▶ _DIRECTIONS_
Repeat nothing but the line that contains "Love One Other" and the lines after it, through the end of the listing, exactly as they stand; omit pictures.

▶ _INFORMATION SUPPLIED_

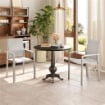 SET 2 SEDIE DA GIARDINO IMPILABILI CON SEDUTA TRASPIRANTE IN ACCIAIO E TEXTILENE 56X58X89 CM GRIGIO CHIARO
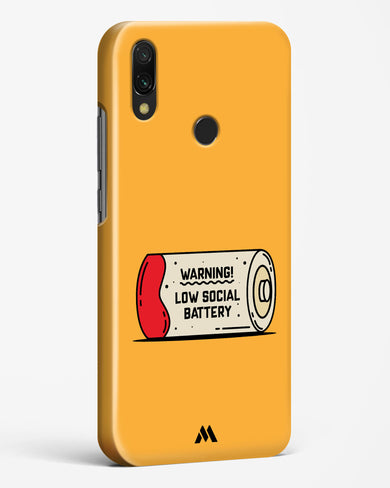 Low Social Battery Hard Case Phone Cover (Xiaomi)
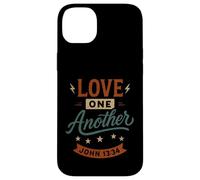 Love One Other John 13 34 - Vintage Christian Faith Carcasa para iPhone 14 Plus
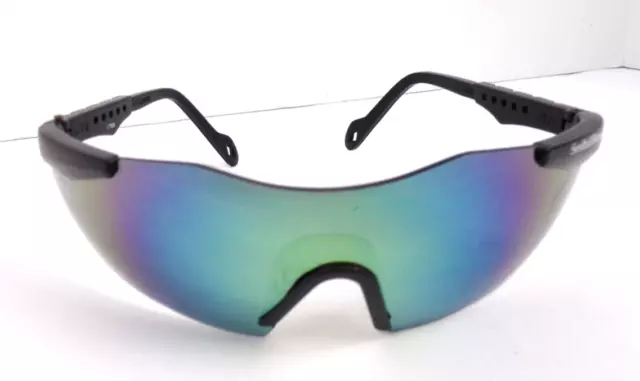 Smith & Wesson Safety Glass Black Wraparound Z87 Mirror Lens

▶ _SOLUTION FOR THIS EXERCISE_
 Love One Other John 13 34 - Vintage Christian Faith Carcasa para iPhone 14 Plus
 Smith & Wesson Safety Glass Black Wraparound Z87 Mirror Lens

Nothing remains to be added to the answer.